A GRAT does not seek to transfer the trust assets to the beneficiaries, but only the appreciation on those assets. Transferring only the appreciation, unlike other gifting techniques, can allow for a transfer that is entirely gift and estate tax-free. For this reason, GRATs are particularly attractive for those who have already transferred assets equal to (or more than) their lifetime gift tax exemption of $12.92 million per person. GRATs may also be a good fit for those who are undecided on how they would like to use their lifetime gift tax exemption.
A GRAT is an irrevocable trust, yet it contains characteristics that are contrary to the very essence of an irrevocable trust. For example, by definition, in an irrevocable trust, the grantor relinquishes his or her ability to change it. However, for a trust to be considered a grantor trust for income tax purposes (i.e. the grantor pays the taxes incurred by the trust), certain features must exist. This includes, but is not limited to, grantor powers such as adding and changing the trust beneficiaries, or the power to substitute the trust assets with other assets of equal value. The ability to substitute trust assets in a GRAT should not be overlooked.

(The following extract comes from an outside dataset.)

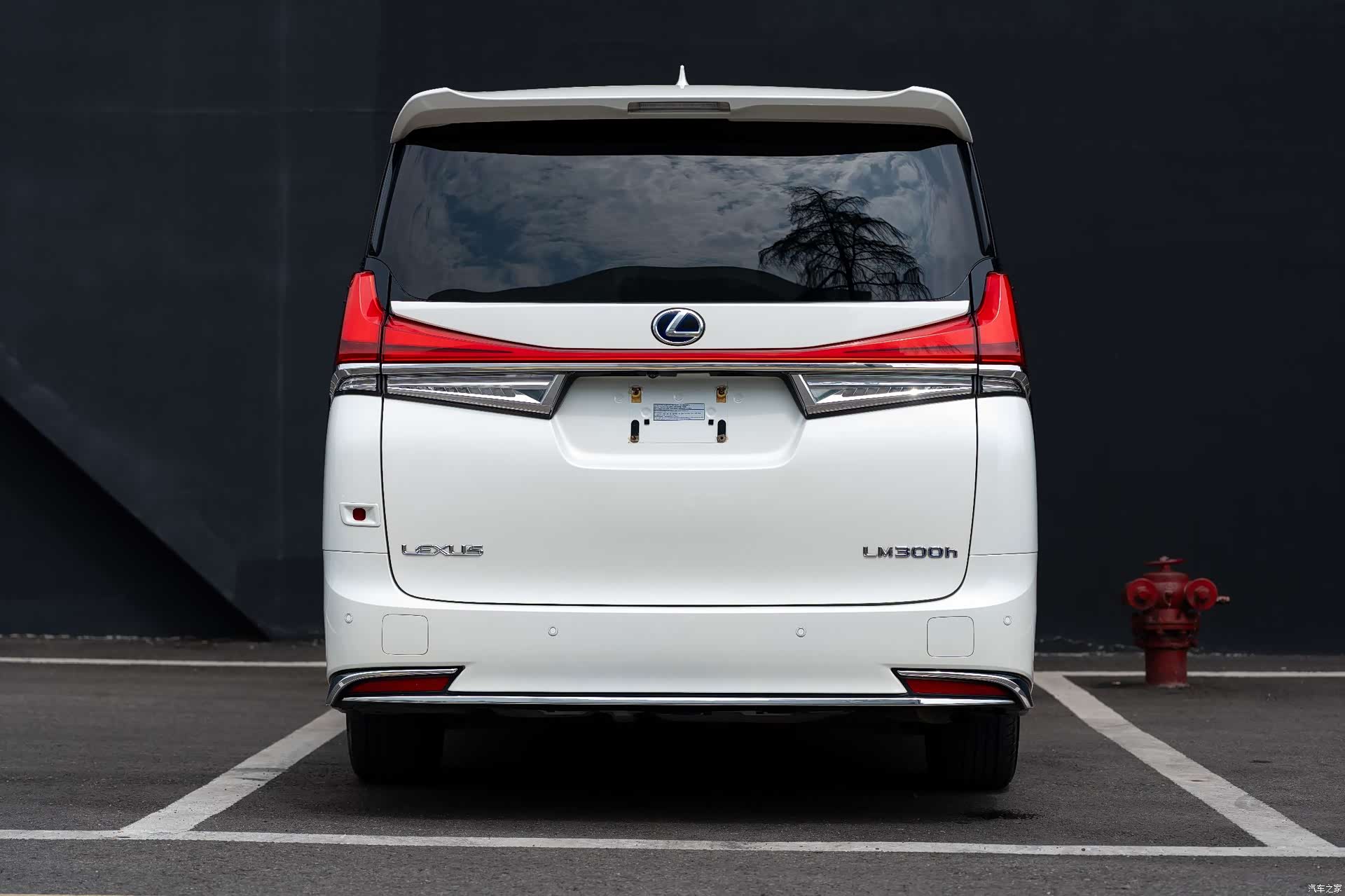 Lexus LM, 2022 17
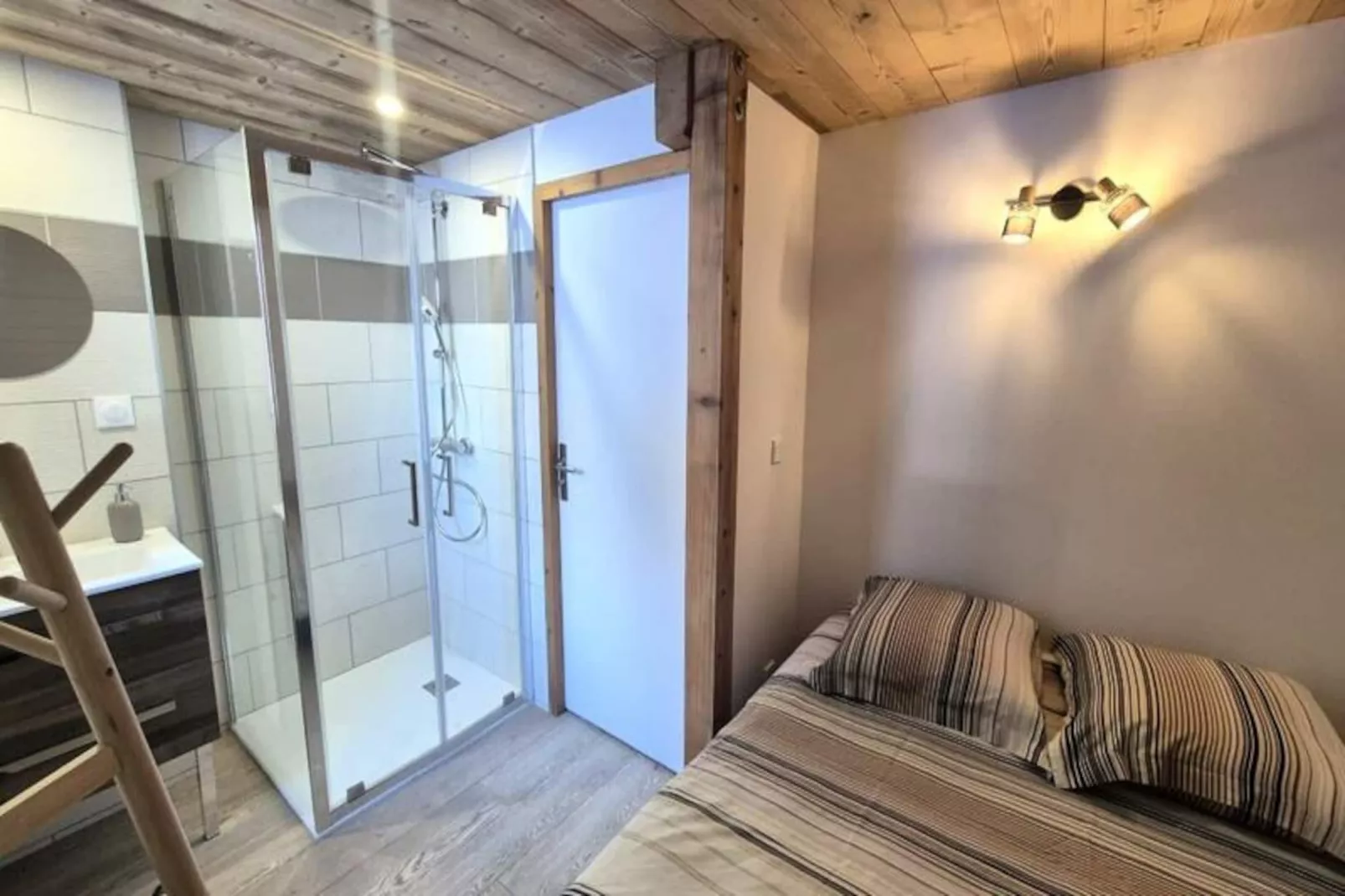 Nouveau ! Magnifique Chalet Nordique à La Féclaz - Idéal Pour 6 Personnes-Niet-getagd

Functionally, the interest rate at GRAT inception is meaningful. You may be familiar with the Applicable Federal Rate (AFR), which is the minimum interest rate that the Internal Revenue Service allows for private loans and is published monthly based on current interest rates. GRATs utilize another monthly interest rate known as the Section 7520 rate. By definition, this is the AFR rate for determining the present value of an annuity. It is also known as the hurdle rate and can be perceived as the IRS projection for appreciation on the assets contributed to the GRAT.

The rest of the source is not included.